Id. at 576 (citation omitted). Because we conclude below that the record contains no credible evidence that Allstate lacked a reasonable basis for denying the Seigels' claim, we need not consider the subjective component of bad faith or evidence of investigative flaws. See Samuels Recycling Co. v. CNA Ins. Cos. , 223 Wis.2d 233, 250, 588 N.W.2d 385 (Ct.App. 1998).

¶ 12. As the Seigels correctly point out, because of interim changes to their policy, the misrepresentation language quoted in the denial letter was not in effect at the time of the fire. The Seigels are also correct that the failure to cooperate language quoted in the denial letter was taken from a section of the policy not applicable to losses due to fire. However, the fact that Allstate quoted inapplicable language in the denial letter does not mean it had no reasonable basis to deny the Seigels' claim. The section of the Seigels' policy that applied to loss by fire stated: "As soon as possible any person making claim must give [Allstate] written proof of loss, including all details reasonably required. . . ." (Emphasis added). In addition, the proof of loss form, a sworn statement bearing both Seigels' signatures, states that "Any other information that may be required [by Allstate] will be furnished on call. . . ."
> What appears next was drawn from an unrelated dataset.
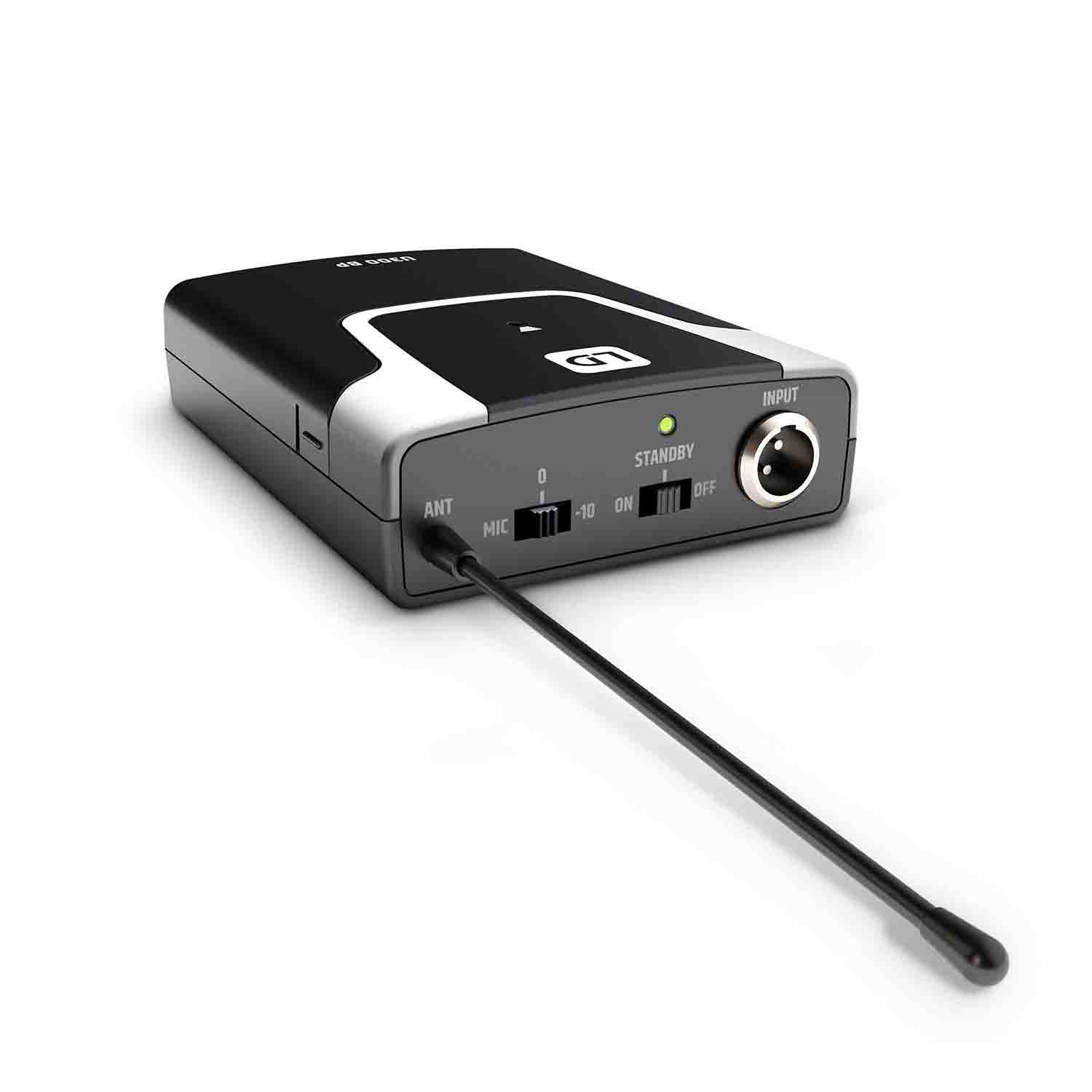 LD Systems U305.1 BP Body Pack Transmitter - Hollywood DJ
¶ 13. Additionally, Allstate's questions of the Seigels were reasonable because it was required to pay the actual cash value of the motor home, and all it had to rely on were the Seigels' statements as to the condition and purchase price. Therefore, the Seigels' credibility was central to the claim. The record contains overwhelming evidence that the Seigels either could not or would not provide information Allstate needed to settle the claim. Bert testified that he did not provide the title until January 12, 1998, over two months after the loss and after Allstate had already made two offers to settle. The Seigels failed to provide Allstate with documentation of check and cash amounts used for the purchase of the motor home until after they received the denial letter. Some of this purchase price documentation was provided to Allstate only after the Seigels commenced litigation. The Seigels also failed to provide Allstate with a bill of sale until after Allstate denied their claim. The bill of sale was in the form of a receipt for $20,000 dated April 30, 1998, over a year after the purchase of the motor home. In addition, Bert refused to undergo an examination under oath that Allstate had requested because of the changes in his story. Sincere and John Graeber, another Allstate witness, both testified that the Seigels' failure to cooperate and provide information was, in fact, a basis for the eventual denial of the Seigels' claim. Even Bert admitted that he could have received $22,610, which was more than the jury awarded on the claim, if he would have cooperated in providing the information that Allstate requested.

¶ 14. The Seigels assert that the following actions by Allstate constituted bad faith: Allstate neglected to explain to the Seigels whether tax, title, and registration fees were included in the offers of settlement; Allstate also assured the Seigels at several points that it was handling the claim as quickly as it could, although the claim was not resolved and denied until more than three months after the loss; Sincere testified that it would have been better if Allstate had sent the Seigels a proof of loss form earlier; Sincere also admitted that during Bert's recorded statement, he asked Bert some questions to which he already knew the answers in order to assess Bert's credibility; finally, it was apparent from Sincere's testimony that he was initially mistaken, and perhaps still confused as of the trial date, about language in the denial letter and whether or not it was actually a part of the Seigels' policy. We conclude that none of this constitutes any evidence that Allstate lacked a reasonable basis to deny the Seigels' claim.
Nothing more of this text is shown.